* **What you should do**:
Set down each entry exactly; omit images.

== Records to use ==

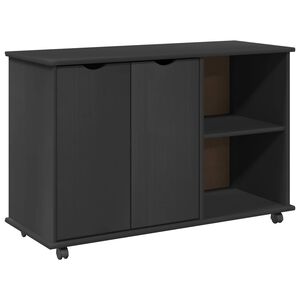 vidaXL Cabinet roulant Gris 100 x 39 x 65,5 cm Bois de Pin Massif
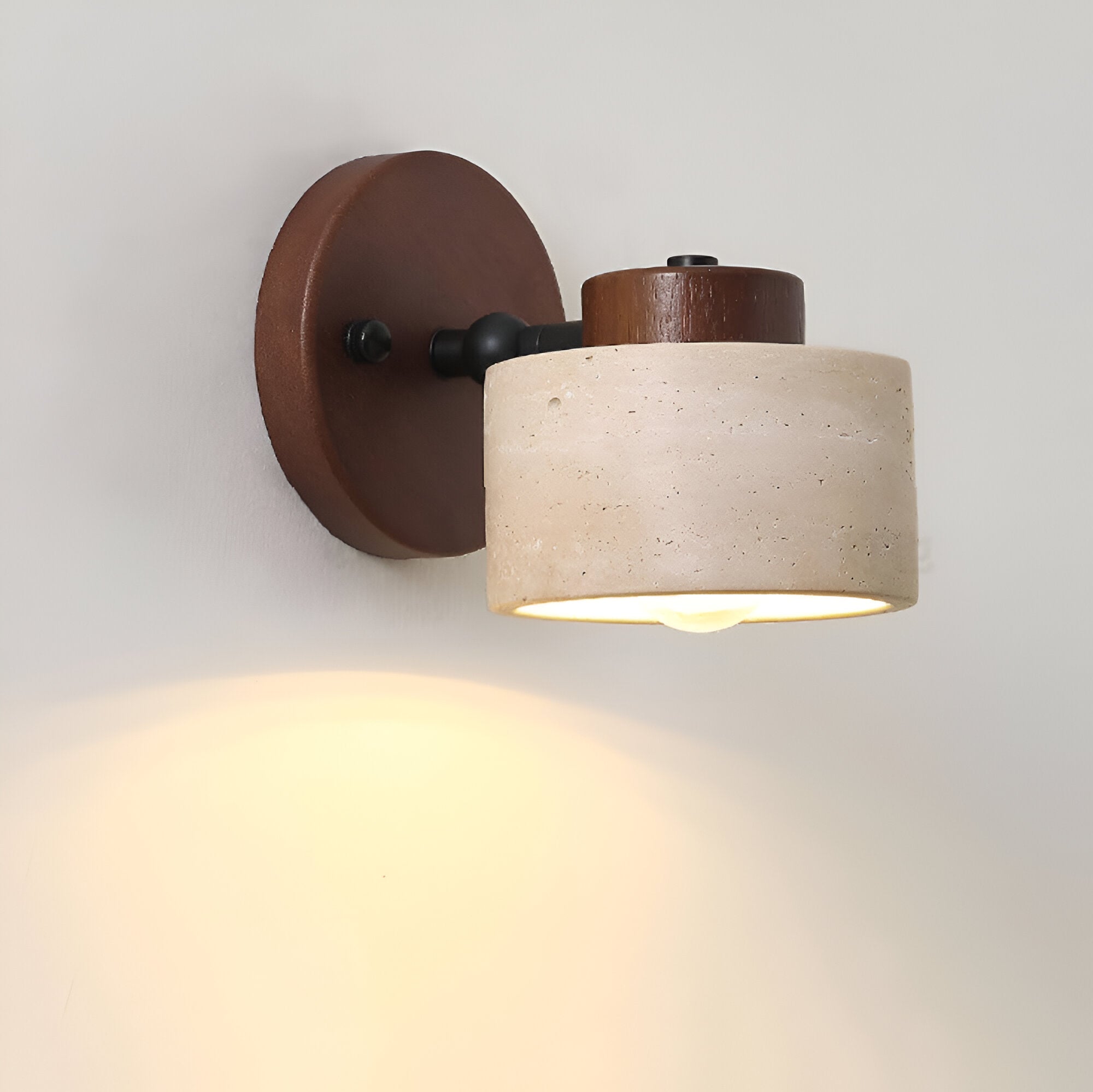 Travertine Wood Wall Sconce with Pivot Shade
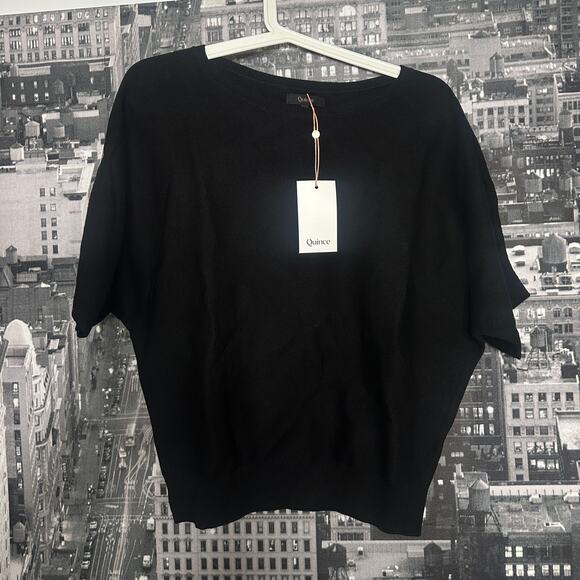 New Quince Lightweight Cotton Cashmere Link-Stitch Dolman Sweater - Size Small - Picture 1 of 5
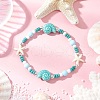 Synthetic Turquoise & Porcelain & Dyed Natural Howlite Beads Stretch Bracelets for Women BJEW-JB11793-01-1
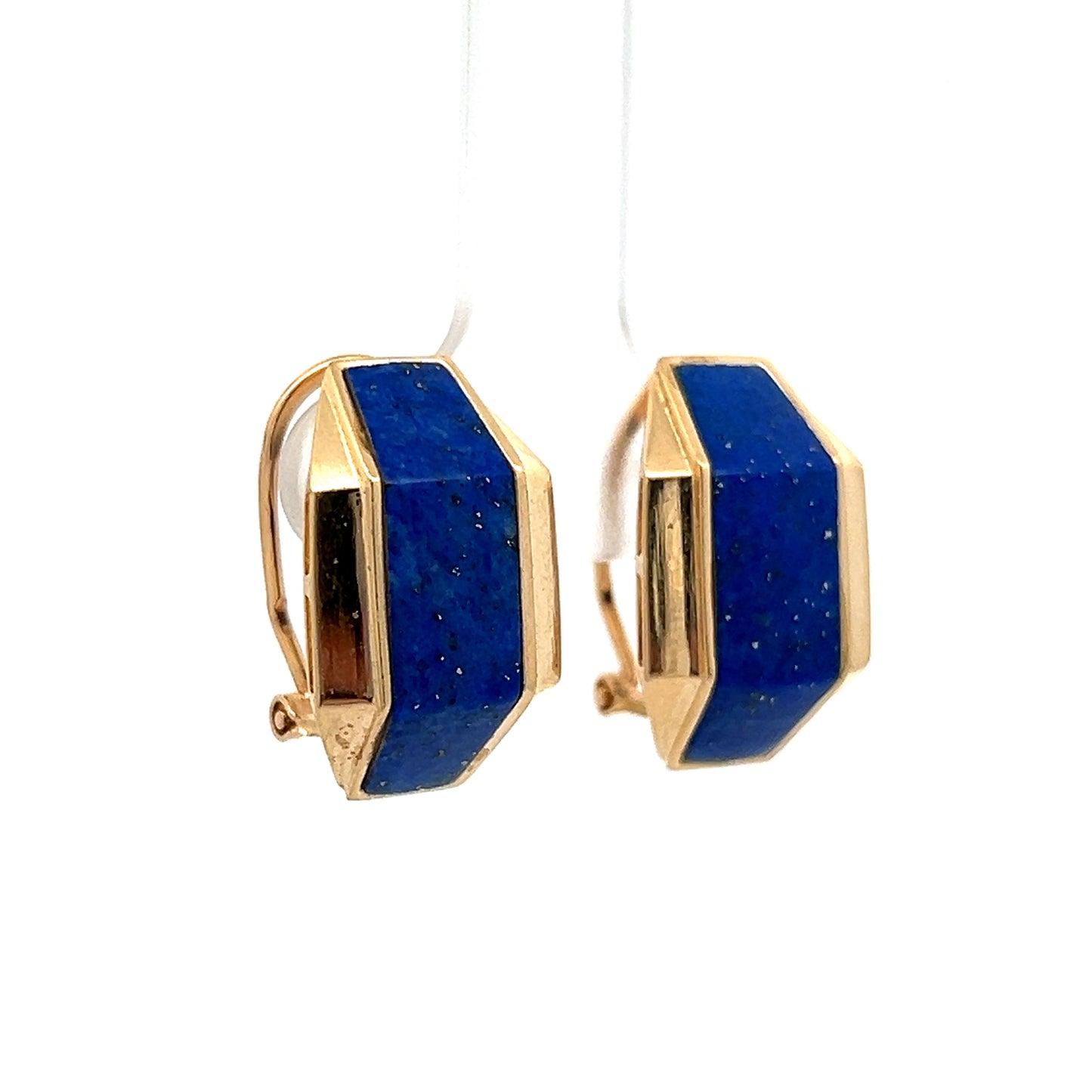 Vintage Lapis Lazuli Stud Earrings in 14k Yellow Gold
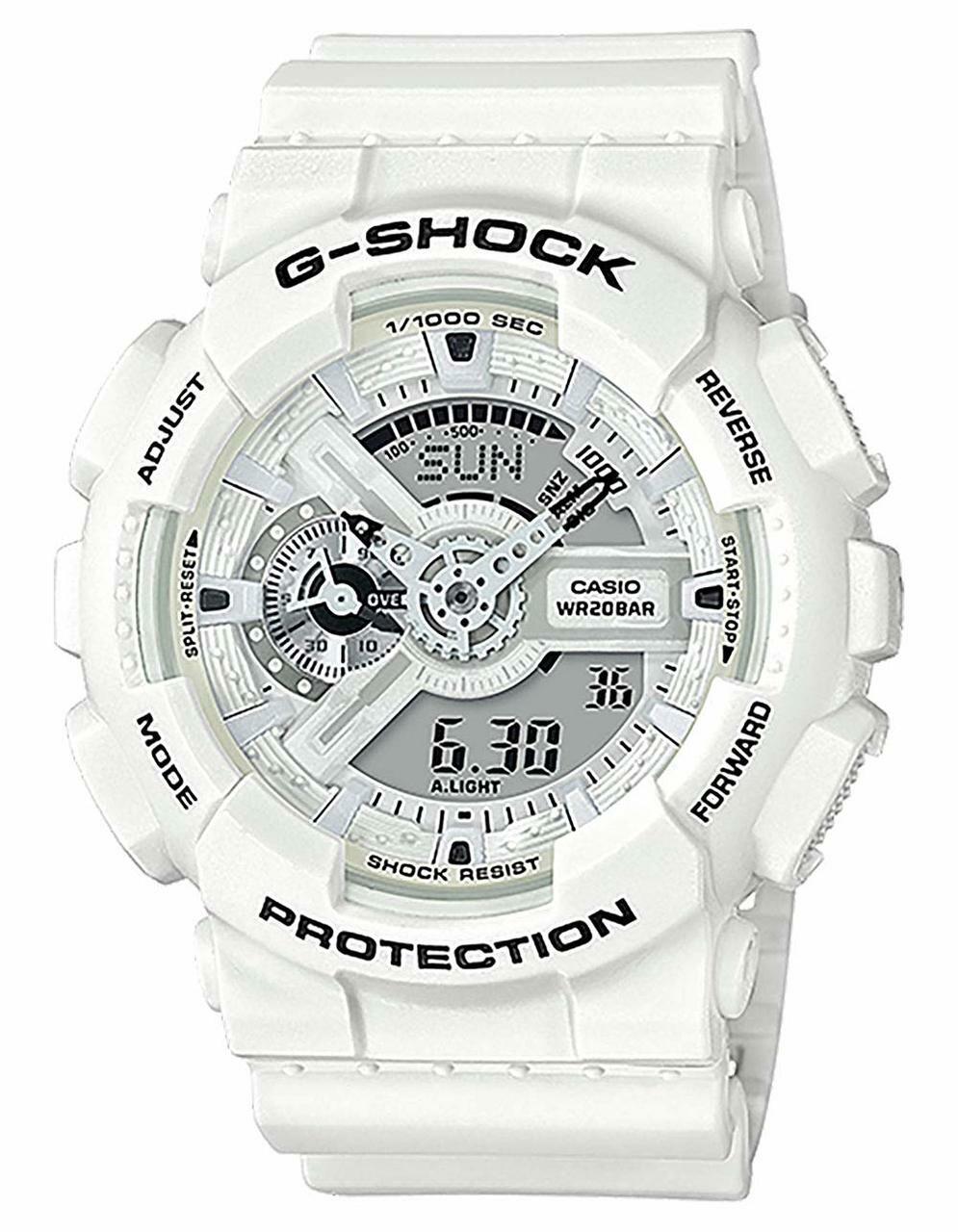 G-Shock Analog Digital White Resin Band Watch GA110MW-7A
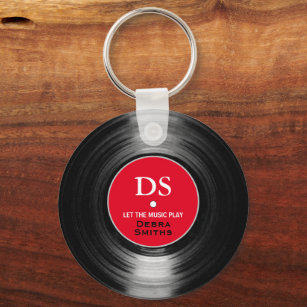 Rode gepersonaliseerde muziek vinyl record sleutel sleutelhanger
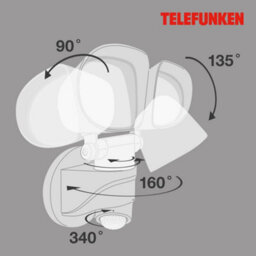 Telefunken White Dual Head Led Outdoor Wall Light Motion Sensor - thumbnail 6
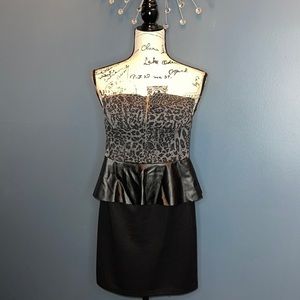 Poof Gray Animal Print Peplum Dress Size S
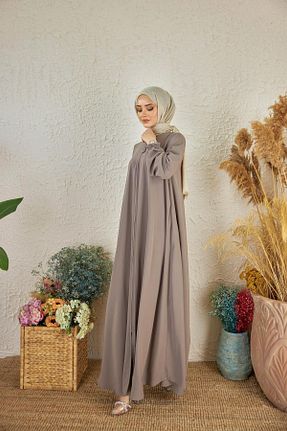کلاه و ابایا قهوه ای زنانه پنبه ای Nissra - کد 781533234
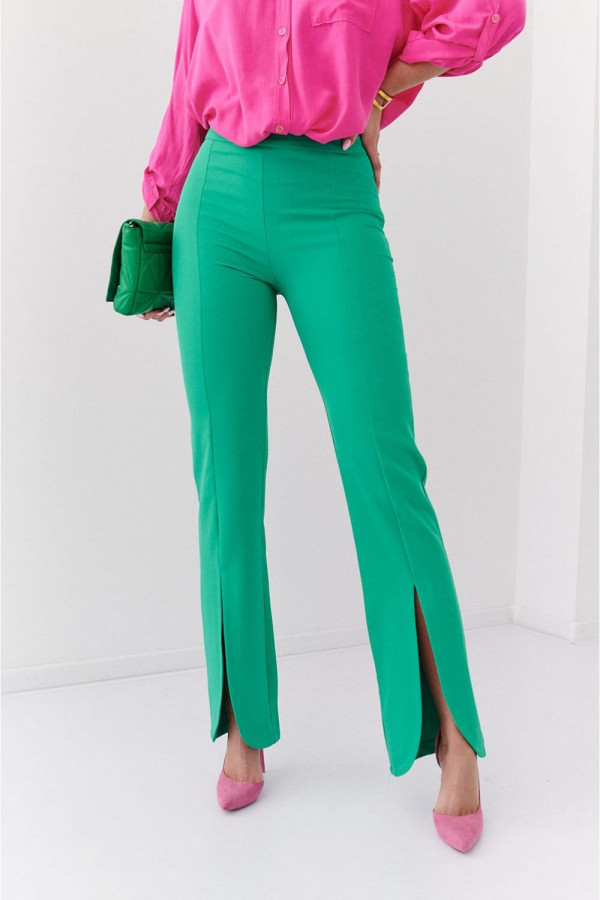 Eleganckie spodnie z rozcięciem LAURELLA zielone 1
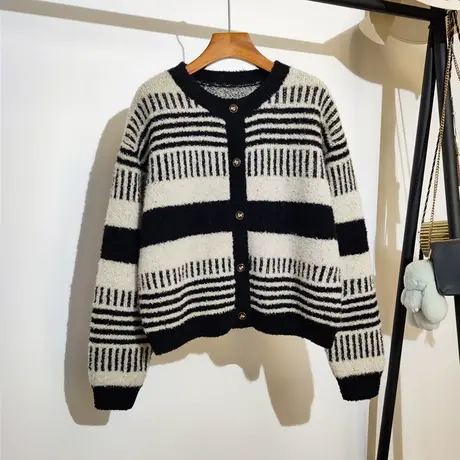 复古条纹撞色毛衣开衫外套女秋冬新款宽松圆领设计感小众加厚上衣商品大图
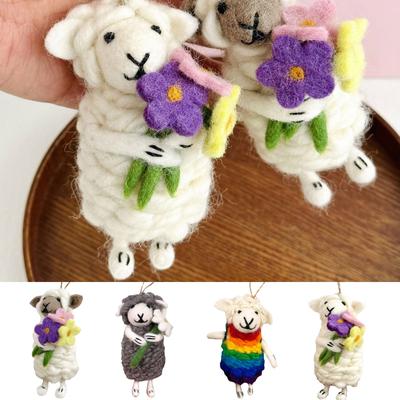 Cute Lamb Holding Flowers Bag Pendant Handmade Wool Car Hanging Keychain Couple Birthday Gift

===

* **Solution to this exercise**:
 vidaXL Cabinet roulant Gris 100 x 39 x 65,5 cm Bois de Pin Massif
 Travertine Wood Wall Sconce with Pivot Shade
 New Quince Lightweight Cotton Cashmere Link-Stitch Dolman Sweater - Size Small - Picture 1 of 5
 Synthetic Turquoise & Porcelain & Dyed Natural Howlite Beads Stretch Bracelets for Women BJEW-JB11793-01-1
 Vintage Lapis Lazuli Stud Earrings in 14k Yellow Gold
 G-Shock Analog Digital White Resin Band Watch GA110MW-7A
 Rode gepersonaliseerde muziek vinyl record sleutel sleutelhanger
 Telefunken White Dual Head Led Outdoor Wall Light Motion Sensor - thumbnail 6
 Poof Gray Animal Print Peplum Dress Size S
کلاه و ابایا قهوه ای زنانه پنبه ای Nissra - کد 781533234
 Eleganckie spodnie z rozcięciem LAURELLA zielone 1
 复古条纹撞色毛衣开衫外套女秋冬新款宽松圆领设计感小众加厚上衣商品大图
 Cute Lamb Holding Flowers Bag Pendant Handmade Wool Car Hanging Keychain Couple Birthday Gift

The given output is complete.